The rocks of the Wilderness Coast span nearly half a billion years of geological time!
Stretchings and compressions of the earth's crust, formation and splitting of supercontinents, and movements of tectonic plates over millions of years have produced three very different time-rock groups, seen from Bermagui to Eden. This geo-diversity attracts researchers and students, who come here every year on field trips to 'time travel', work out the range of environments recorded in the region's rocks, and trace the evolution of this place from deep ocean to stable continent.
Rocks tell us their stories – how they were formed and what has happened to them during the ages that have passed since they were born. Looking at the outcrops exposed today, we can start to understand the very different past environments they record. We can also imagine the unseen – changes in the earth and oceans that have left no visible rock record in this region.

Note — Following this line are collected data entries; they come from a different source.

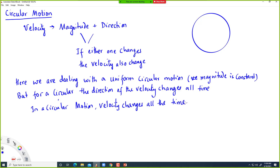This is very important. The change in velocity comes not from the change in its value — if you have a velocity of 2 meters per second here, it would be 2 meters per second everywhere — but the direction is changing all the time, and that causes the change in velocity. And if there is a change in velocity, then there is acceleration.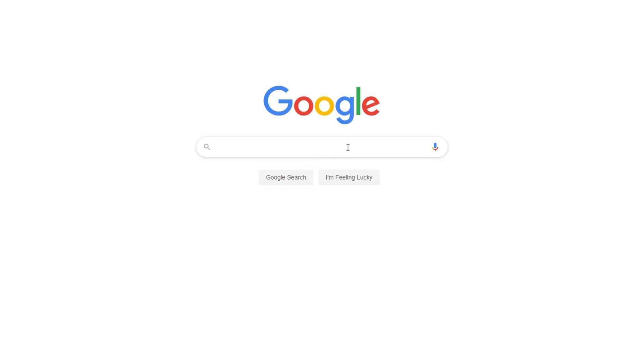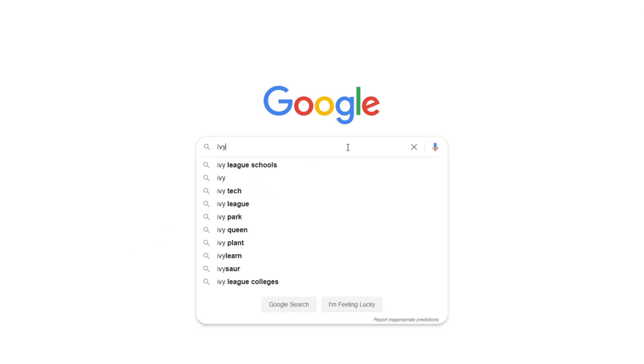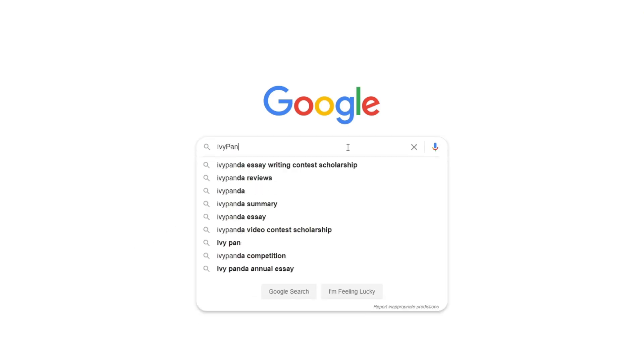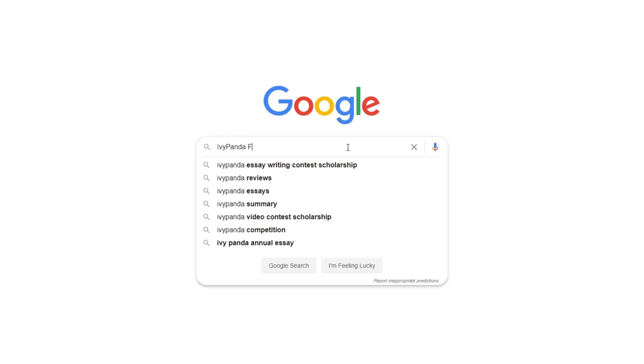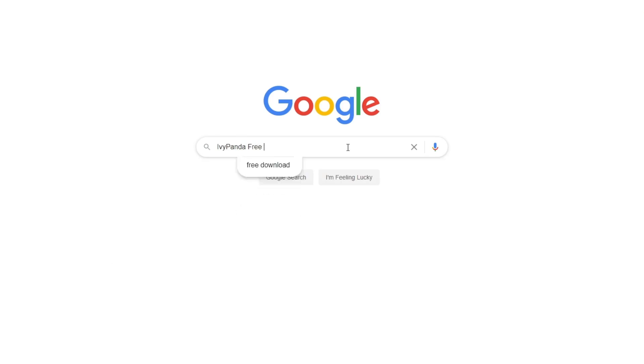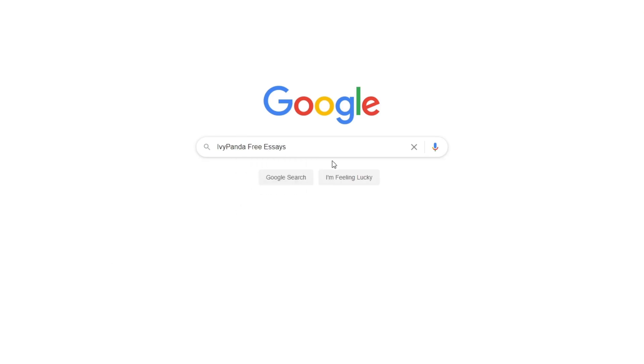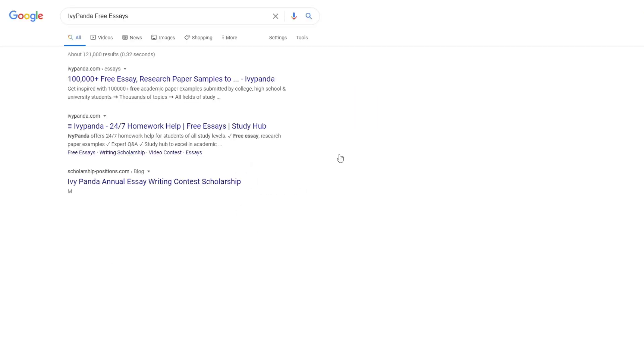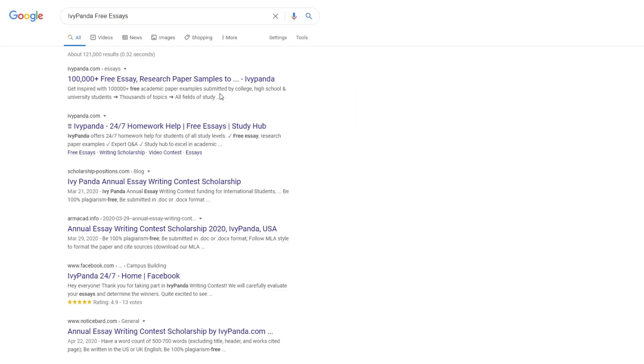This essay example, as well as thousands of others, is available in text format on our website for free and without registration. Simply Google Ivy Panda Free Essays.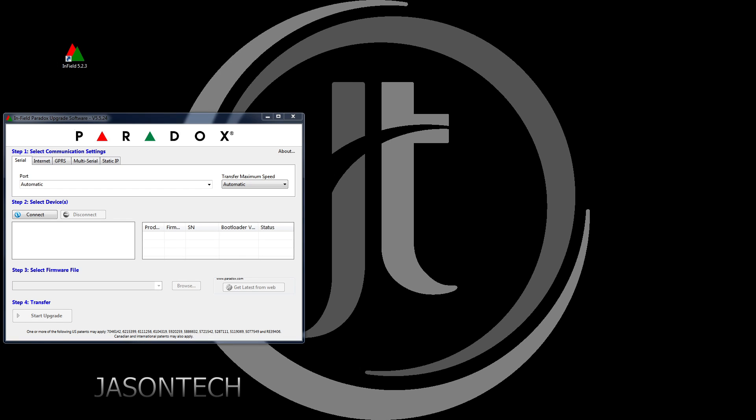Hey everyone, I'm Jason and in today's video I'm going to show you how to do the software update onto your IP-150.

The three rock groups can be visited around Eden and Twofold Bay. A good place to start looking is at Eden's Lookout, on Middle Head, just beyond Snug Cove, home of Eden's famous fishing fleet. Expansive views of the great bay with its backdrop of forested hills let us appreciate not only a beautiful landscape, but also the role played by the rocks forming that landscape.
Majestic Balawan, one of the three sacred mountains of Australia's Coastal Wilderness, stands sentinel over the innermost parts of Twofold Bay. More commonly known by the name Mount Imlay, the mountain's top is visible far out to sea.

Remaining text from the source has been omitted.